During every second insertion cycle (b) the bottom gripper system is disengaged, while a respective weft thread (1), (2) is inserted by the top and the middle gripper system. The pile-forming pile warp threads (13), (14), (15) and also the non-pile-forming pile warp threads (12-15) which have to be woven into the bottom backing fabric, are brought under the movement path of the bottom (disengaged) gripper system, while the non-pile-forming pile warp threads (10), (11) which have to be woven into the top backing fabric are between the movement paths of the operating gripper systems (i.e. the middle and the top gripper system). Here the crossing of the pile warp threads is also prevented, so that no entanglement occurs and a perfect shed can be formed.

The pile-forming (parts of) pile warp threads (13-15) and the non-pile-forming (parts of) pile warp threads (10-15) are according to this method furthermore also well separated from each other with every weft insertion.
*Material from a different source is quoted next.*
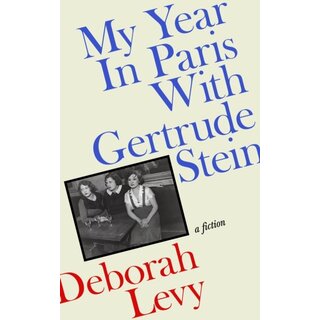 My Year in Paris with Gertrude Stein : A Fiction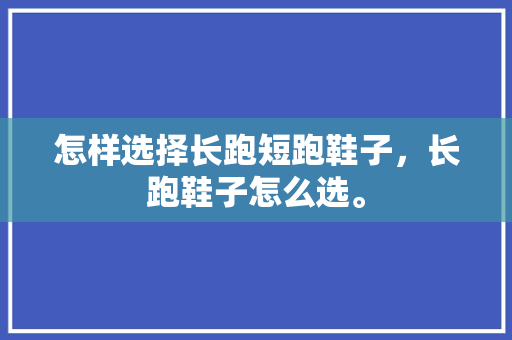 怎样选择长跑短跑鞋子，长跑鞋子怎么选。 怎样选择长跑短跑鞋子，长跑鞋子怎么选。 鞋类款式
The risk of entanglement of these pile warp threads is even less because of this.

Due to this method coarse pile warp threads are weavable on face-to-face weaving machines, and it is therefore also possible to weave Axminster pile fabrics on face-to-face weaving machines, and in so doing to obtain a higher productivity.

The carpets manufactured according to this method look almost the same and feel almost the same as Axminster carpets which are woven on an Axminster weaving machine.

Claims

What is claimed is:

1. A method for manufacturing a pile fabric with pile loops of coarse pile threads on a face-to-face waving machine comprising forming a cop and a bottom backing fabric by inserting plural weft threads between plural warp threads on three insertion levels in plural insertion cycles, inserting two weft threads in each successive insertion cycle wherein no weft thread is inserted in a first and a second insertion cycle respectively on a top and on a bottom insertion level, inserting pile-forming coarse pile warp threads during every first insertion cycle above the top insertion level and during every second insertion cycle under the bottom insertion level, and cutting the pile warp threads between the two backing fabrics and forming two pile fabrics.

2. The method of claim 1, wherein the inserting in the first and the second insertion cycles is performed alternately.

3. The method of claim 1, further comprising weaving non-pile-forming parts of the pile warp threads into the backing fabric, and dividing the pile warp threads over the top and the bottom backing fabrics.

4. The method of claim 3, wherein the weaving further comprises weaving a part of the pile warp thread into the top backing fabric during every first insertion cycle above the top insertion level and during every second insertion cycle between the two insertion levels during insertion of the weft thread, and weaving another part of the pile warp thread into the bottom backing fabric during every first insertion cycle between the two insertion levels during insertion of the weft thread and during every second insertion cycle under the bottom insertion level.

5. The method of claim 1, further comprising providing three weft insertion means for moving in successive insertion cycles in a shed formed between the warp threads and inserting the weft thread on a respective insertion level, disengaging the weft insertion means with the top insertion level in every first insertion cycle and disengaging the weft insertion means with the bottom insertion level in every second insertion cycle.

6. The method of claim 1, further comprising positioning the pile warp threads by means of a four-position jacquard machine.

7. The method of claim 2, wherein the inserting coarse pile warp threads comprises using carded-type pile warp threads.

8. The method of claim 7, wherein using the coarse pile warp threads comprises using threads having a yarn number of at least Nm 3.2/2.

9. The method of claim 1, wherein the weaving comprises weaving on the face-to-face weaving machine having a read density of not more than 10 per inch.

10. The method of claim 1, wherein the weaving the fabrics comprises weaving an Axminster-type carpet.